After being filled with zeroes to mimic the original sampling interval,
we have a higher Nyquist frequency.
Frequencies higher than the Nyquist frequency
of the inverse wavelet are computed,
showing the duplicate spectrum. The order of duplication is the
order of the subsampling of the autocorrelation.
When the inverse wavelet is convolved with the original trace,
the duplicate spectrum amplifies random noise.
The cure
is to do lowpass filtering of the inverse wavelet
to remove the duplicate spectrum.
Figure 5 presents the lowpass filtered version
of the inverse wavelet of Figure 3, and its spectrum.
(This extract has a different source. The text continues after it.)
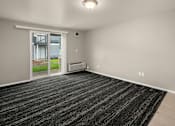 Thumbnail 7 of 8 - A room with a black carpet and a sliding glass door leading to a balcony.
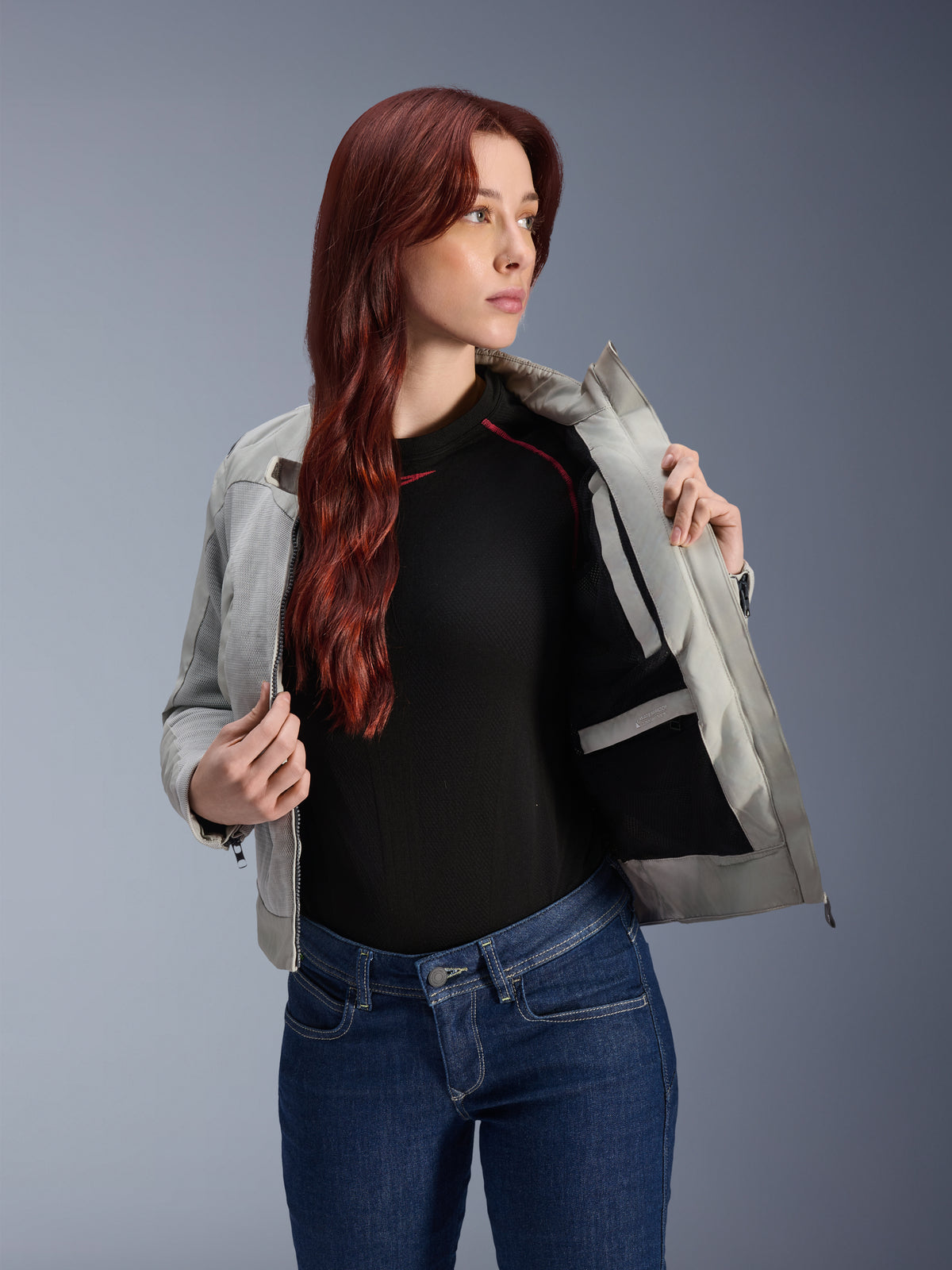 Alpinestars Stella Circal-1 Air Jacke in Metal Gray, weibliches Model öffnet die Jacke, um das interne Mesh-Futter und die Tasche zu zeigen, getragen mit blauen Jeans und einem schwarzen Oberteil, moderne urbane Motorradbekleidung.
Convolving this inverse wavelet with the seismogram
will not generate the energy near Nyquist that was present in the spectrum
shown in Figure 2.
The output section of this
processing looks roughly the same as the previous deconvolved section;
we do not display it here.
Lowpass filtering increases the number of non-zero points
in the inverse wavelet filter.
Thus it increases the processing cost,
while only slightly improving the results.
Therefore, we propose
not doing the lowpass filtering, leaving the
slightly enhanced noise to be suppressed by CDP stacking, which has
the effect of lowpass filtering. CDP stacking also attenuates random
noise that is buried in the wavelet spectrum band, which could have been
enhanced by
the wavelet decon.

Gapped predictive error decon (Peacock and Treitel, 1969)
does not have good control between
wavelet compression and random noise enhancement.
For this reason, robust wavelet decon may be a better approach.
Interested readers can find classic papers
describing in detail the pros and cons of various deconvolution schemes
in a monograph ``Deconvolution'' edited by Webster.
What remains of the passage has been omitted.